WHAT THIS TASK INVOLVES
Below are lines of records; copy exactly those from the one containing "Passenger security is" through the one containing "This is a brand", leaving the pictures behind.

DATA
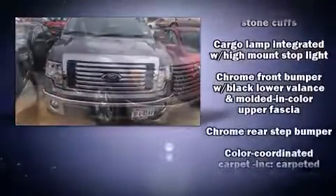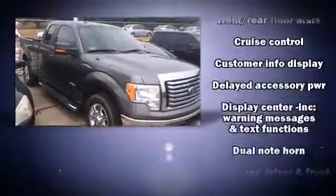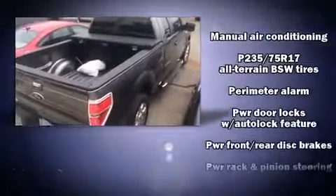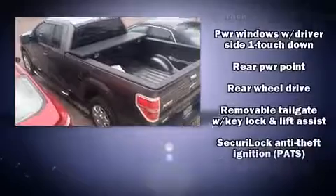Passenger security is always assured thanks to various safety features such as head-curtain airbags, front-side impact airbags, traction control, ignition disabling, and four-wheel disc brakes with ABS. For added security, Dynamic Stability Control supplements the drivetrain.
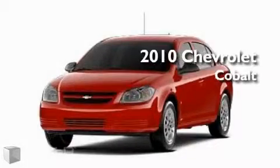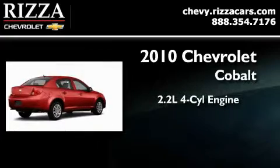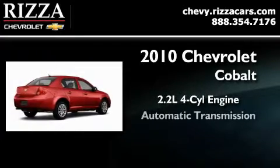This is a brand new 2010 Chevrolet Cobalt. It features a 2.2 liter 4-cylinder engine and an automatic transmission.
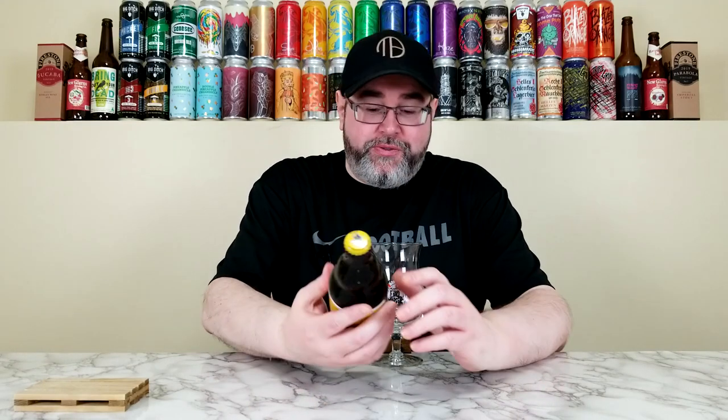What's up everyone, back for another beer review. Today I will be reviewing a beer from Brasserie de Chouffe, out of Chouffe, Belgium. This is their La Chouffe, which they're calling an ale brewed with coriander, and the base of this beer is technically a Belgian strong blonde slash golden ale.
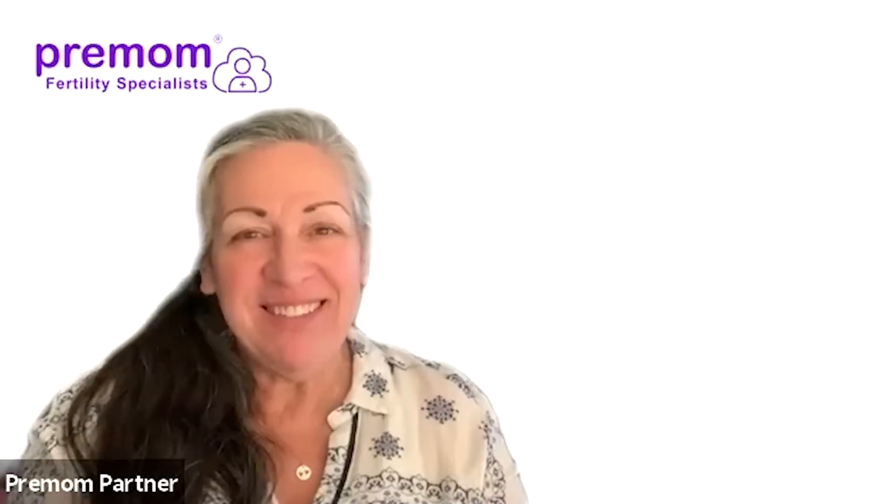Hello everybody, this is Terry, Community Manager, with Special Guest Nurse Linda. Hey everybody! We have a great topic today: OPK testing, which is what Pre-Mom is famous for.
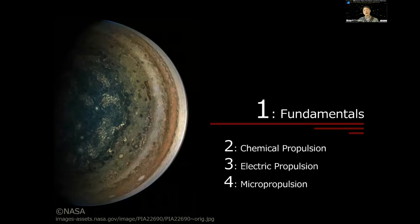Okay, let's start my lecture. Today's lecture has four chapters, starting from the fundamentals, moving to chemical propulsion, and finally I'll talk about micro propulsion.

* * *

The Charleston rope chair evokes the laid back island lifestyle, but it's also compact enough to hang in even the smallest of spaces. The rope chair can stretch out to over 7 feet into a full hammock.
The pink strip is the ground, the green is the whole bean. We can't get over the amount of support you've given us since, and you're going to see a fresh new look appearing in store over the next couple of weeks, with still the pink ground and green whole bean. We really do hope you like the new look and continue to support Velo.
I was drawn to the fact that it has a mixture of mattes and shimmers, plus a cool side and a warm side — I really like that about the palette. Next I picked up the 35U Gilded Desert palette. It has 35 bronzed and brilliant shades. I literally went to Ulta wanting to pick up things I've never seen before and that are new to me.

ANSWER SPACE
Passenger security is always assured thanks to various safety features such as head-curtain airbags, front-side impact airbags, traction control, ignition disabling, and four-wheel disc brakes with ABS. For added security, Dynamic Stability Control supplements the drivetrain.
This is a brand new 2010 Chevrolet Cobalt. It features a 2.2 liter 4-cylinder engine and an automatic transmission.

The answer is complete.